On Thu, Dec 02 2021 at 20:37, Jason Gunthorpe wrote:
> On Thu, Dec 02, 2021 at 11:31:11PM +0100, Thomas Gleixner wrote:
>> >> Of course we can store them in pci_dev.dev.msi.data.store. Either with a
>> >> dedicated xarray or by partitioning the xarray space. Both have their
>> >> pro and cons.
>> >
>> > This decision seems to drive the question of how many 'struct devices'
>> > do we need, and where do we get them..
>> 
>> Not really. There is nothing what enforces to make the MSI irqdomain
>> storage strictly hang off struct device. There has to be a connection to
>> a struct device in some way obviously to make IOMMU happy.
>
> Yes, I thought this too, OK we agree

One thing which just occured to me and I missed so far is the
association of the irqdomain.

Right now we know for each device which irqdomain it belongs to. That's
part of device discovery (PCI, device tree or whatever) which set's up

     device->irqdomain

That obviously cannot work for that device specific IMS domain. Why?

Because the PCIe device provides MSI[x] which obviously requires that
device->irqdomain is pointing to the PCI/MSI irqdomain. Otherwise the
PCI/MSI allocation mechanism wont work.

Sure each driver can have

     mystruct->ims_irqdomain

and then do the allocation via

    msi_irq_domain_alloc(mystruct->ims_irqdomain....)

but I really need to look at all of the MSI infrastructure code whether
it makes assumptions about this:

   msi_desc->dev->irqdomain

being the correct one. Which would obviously just be correct when we'd
have a per queue struct device :)

>> Just badly named because the table itself is where the resulting message
>> is stored, which is composed with the help of the relevant MSI
>> descriptor. See above.
>
> I picked the name because it looks like it will primarily contain an
> xarray and the API you suggested to query it is idx based. To me that
> is a table. A table of msi_desc storage to be specific.
>
> It seems we have some agreement here as your lfunc also included the
> same xarray and uses an idx as part of the API, right?

It's a per lfunc xarray, yes.

>> We really should not try to make up an artifical table representation
>> for something which does not necessarily have a table at all, i.e. the
>> devices you talk about which store the message in queue specific system
>> memory. Pretending that this is a table is just silly.
>
> Now I'm a bit confused, what is the idx in the lfunc? 
>
> I think this is language again, I would call idx an artificial table
> representation?

Ok. I prefer the term indexed storage, but yeah.

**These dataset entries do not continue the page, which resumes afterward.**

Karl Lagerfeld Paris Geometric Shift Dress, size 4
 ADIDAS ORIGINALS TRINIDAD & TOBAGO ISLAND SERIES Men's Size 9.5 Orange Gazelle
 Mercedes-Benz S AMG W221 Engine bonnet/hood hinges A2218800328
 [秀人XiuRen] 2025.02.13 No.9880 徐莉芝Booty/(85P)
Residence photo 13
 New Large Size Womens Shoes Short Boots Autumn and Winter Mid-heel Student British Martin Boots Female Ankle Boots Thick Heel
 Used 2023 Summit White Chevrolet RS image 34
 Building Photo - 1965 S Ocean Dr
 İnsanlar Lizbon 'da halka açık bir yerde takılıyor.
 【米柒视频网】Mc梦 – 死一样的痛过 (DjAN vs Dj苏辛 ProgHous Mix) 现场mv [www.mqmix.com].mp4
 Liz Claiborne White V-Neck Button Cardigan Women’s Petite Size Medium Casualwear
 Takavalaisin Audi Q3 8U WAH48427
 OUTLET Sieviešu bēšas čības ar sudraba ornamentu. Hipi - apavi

>> I really meant a container like this:
>> 
>> struct logical_function {
>>         /* Pointer to the physical device */
>>         struct device		*phys_device;
>>         /* MSI descriptor storage */
>> 	struct msi_data		msi;
>
> Up to here is basically what I thought the "message table" would
> contain. Possibly a pointer to the iommu_domain too?
>
>>         /* The queue number */
>>         unsigned int		queue_nr;
>>         /* Add more information which is common to these things */
>
> Not sure why do we need this?
>
> Lets imagine a simple probe function for a simple timer device. It has
> no cdev, vfio, queues, etc. However, the device only supports IMS. No
> MSI, MSI-X, nothing else.
>
> What does the probe function look like to get to request_irq()?

The timer device would be represented by what? A struct device?

If so then something needs to set device->irqdomain and then you can
just do:

     msi_irq_domain_alloc_irqs(dev->irqdomain, dev, ...);

> Why does this simple driver create something called a 'logical
> function' to access its only interrupt?

It does not have to when it's struct device based.

> I think you have the right idea here, just forget about VFIO, the IDXD
> use case, all of it. Provide a way to use IMS cleanly and concurrently
> with MSI.
>
> Do that and everything else should have sane solutions too.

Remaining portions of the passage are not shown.